Video Backup and Archiving With Amazon Glacier

Amazon recently introduced an online data backup and archiving service called Amazon Glacier. For just $0.01 per GB / month, you can upload and securely store as much data as you want, with 99.999999999% durability.

A secure, reliable, pay as you go service with unlimited storage capacity and no up-front fees sounds perfect for production companies and agencies with large libraries of video content.

But is it?

Amazon certainly thinks so. In press interviews and the use case on its site, Amazon highlights that media companies need safe, secure, and easily accessible storage for their core assets and that Glacier fits the bill. For these companies, and others like them, Glacier promises to free them of the tyranny of managing tape libraries.

This post provides a detailed look at how Amazon Glacier works, how much it would cost under different usage scenarios for a video professional, the pros and cons of using the service, and some ideas on how it could form the basis of a very compelling archiving service.

A follow up post later this week will compare the cost of using Glacier with alternatives like using LTO, backing up onto a library of hard drives, keeping data in near-line storage on your SAN, or burning it onto Blu-ray.

Whew!
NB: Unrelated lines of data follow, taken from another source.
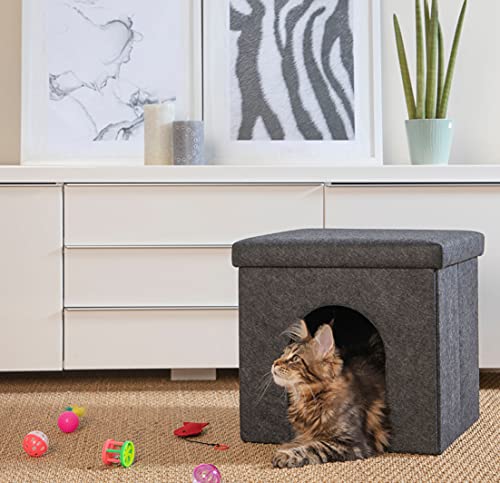 GREATOOL Taburete Casa para Perros Gatos Plegable 38x38x38cm Caseta para Perros Casa para Mascotas Taburete con Espacio para Almacenamiento Gris (Gris Oscuro)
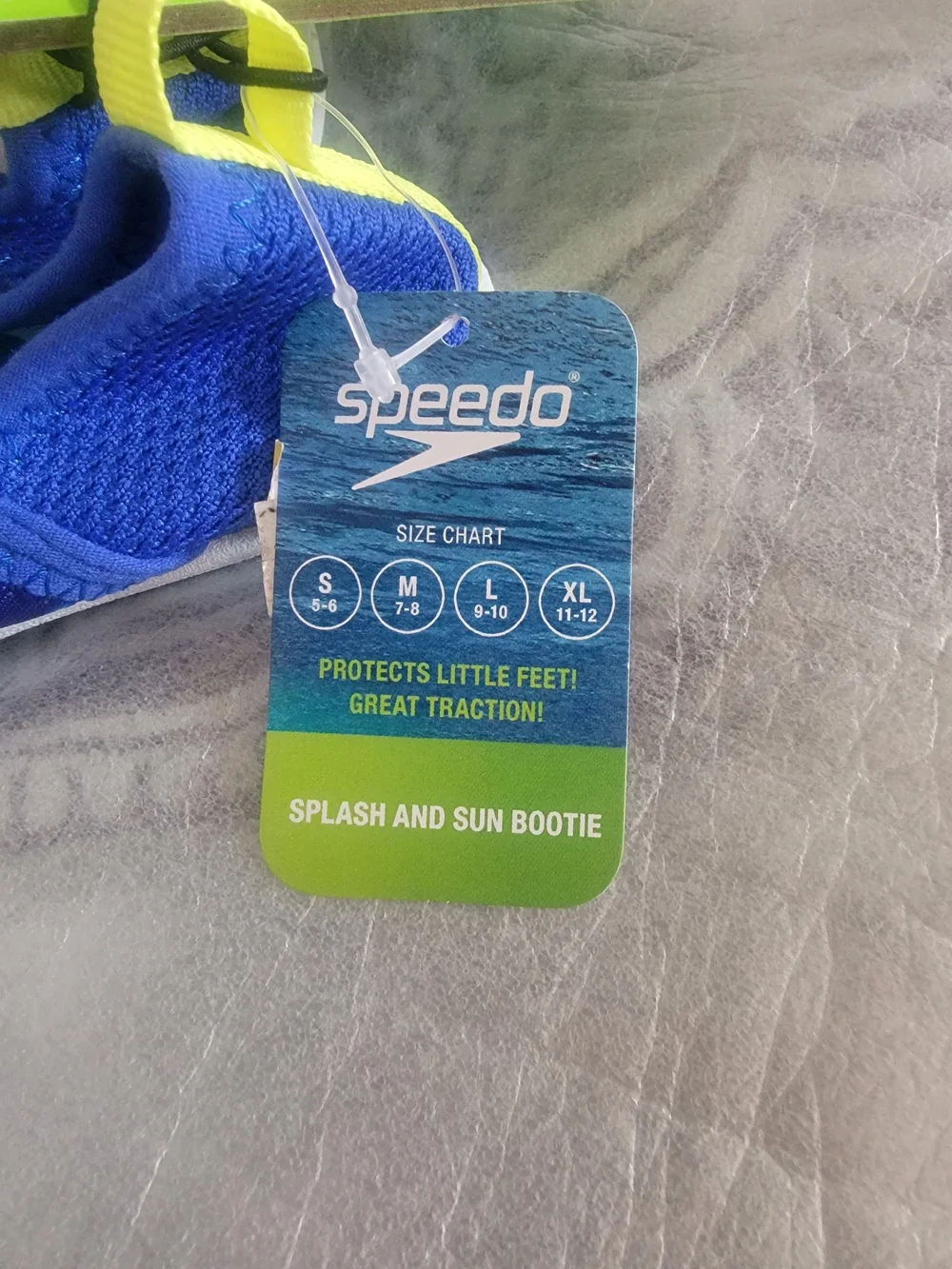 Speedo Little Boys S(5/6) & L (9/10) Aqua Socks Water Shoes Blue .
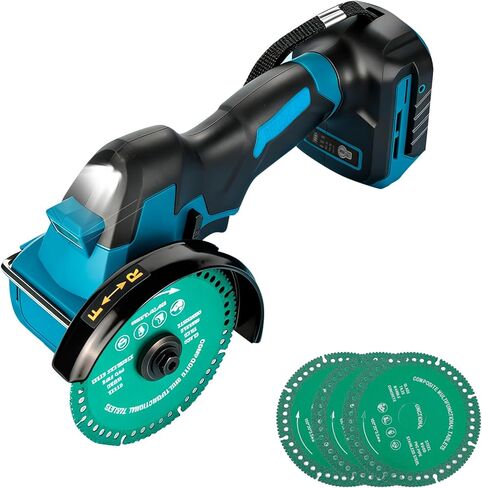 4 inch Cordless Cut Off Tool Compatible with DeWalt 20V(only tool), 18000 RPM Brushless Motor, 4Pcs 4" Circular Saw, 1.2mm Max Blade Thickness for Wood/Metal/Plastic (Fit for De-Walt 20V) in Saudi Arabia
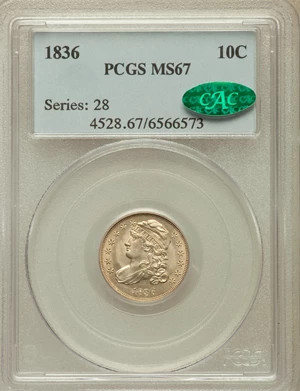 image for: 1836 10C MS67 PCGS. CAC. JR-2, R.2....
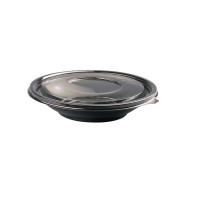 Saladier PET rond noir avec couvercle   H30mm 750ml
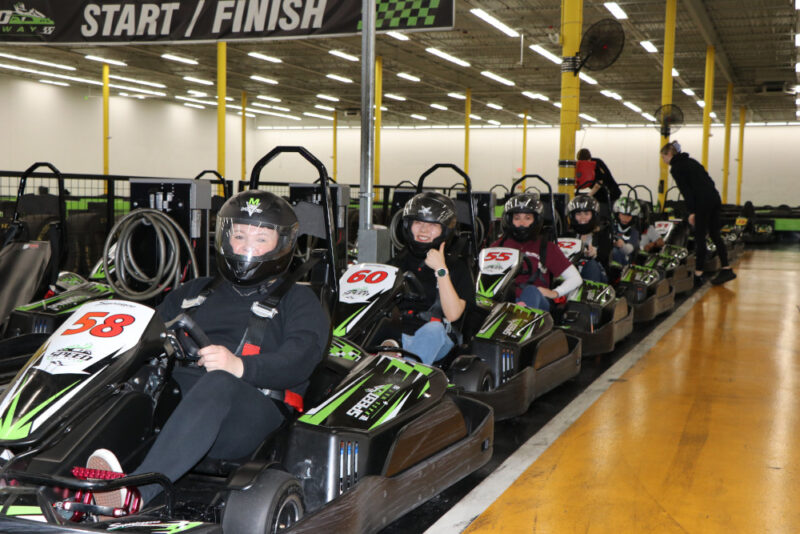 Racers in carts, ready to start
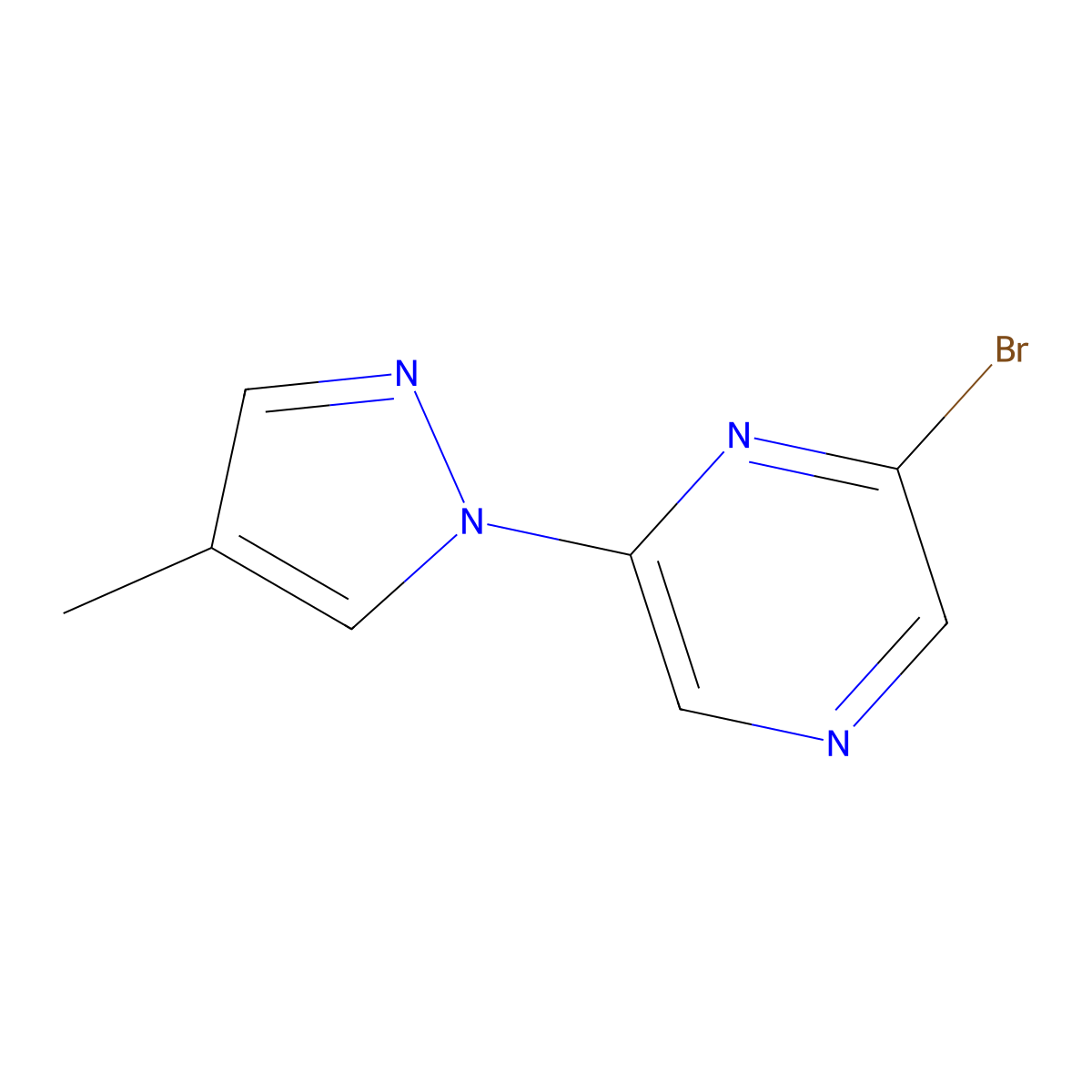 2-Bromo-6-(4-methyl-1H-pyrazol-1-yl)pyrazine molecular structure, CAS 1159816-83-7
Let's get started.

Glacier's Cold Storage Explained

To determine whether Glacier makes sense for archiving your video assets, you need a basic understanding of what the service is designed for and how it's priced. In Amazon's words:

Glacier is designed for long-term storage of assets that are not accessed very often, and do not need to be accessed immediately.

In keeping with this, it takes 3-5 hours for data retrieval requests to be completed (i.e. before your data is ready for download). As we will see below, pricing is also designed to reinforce that the service is for archival purposes rather than storage that will be regularly accessed (Amazon's S3 service is optimized for this purpose and costs 10x as much).

Storage

Storage is relatively cheap at $10.24 per terabyte per month ($0.01 per GB / Month) regardless of how much data is stored. There is no charge for data transfer into the storage archive. Not much complexity here.

Retrieval

Retrieving data from the storage archive is broken up into two components; a data retrieval request, and a charge for the amount of data transferred.

  • Data retrieval requests are where things get complicated and can get unexpectedly pricey. Customers can request to retrieve up to 5% of their average monthly storage for free. However, this is pro-rated daily, meaning that on any given day, you can download a maximum of 0.17% of your stored data for free (5% / 30 days). For example, with a 50 TB archive you can retrieve 85 GB for free each day.

    A retrieval fee is charged when you exceed your daily quota. The fee is calculated based upon the peak hourly usage from the days in which you exceeded your allowance. Calculating this gets complicated, and rather than explaining all the nuances, I'll show some examples of what retrieval costs would look like in the next section. If you are really interested in the details, I suggest you slam back your favorite energy drink and check out this Glacier FAQ.

  • Data transfer out is charged in tiers based on the volume of data transferred in a month. The first GB is free, and up to 10 TB /month the price of data transfer out is $0.12 per GB. Beyond that threshold, the prices steadily decrease.

This pricing model is consistent with the stated purpose of the service. Relatively steep retrieval fees and restore times provide a disincentive for people that would otherwise use this as a regular storage product.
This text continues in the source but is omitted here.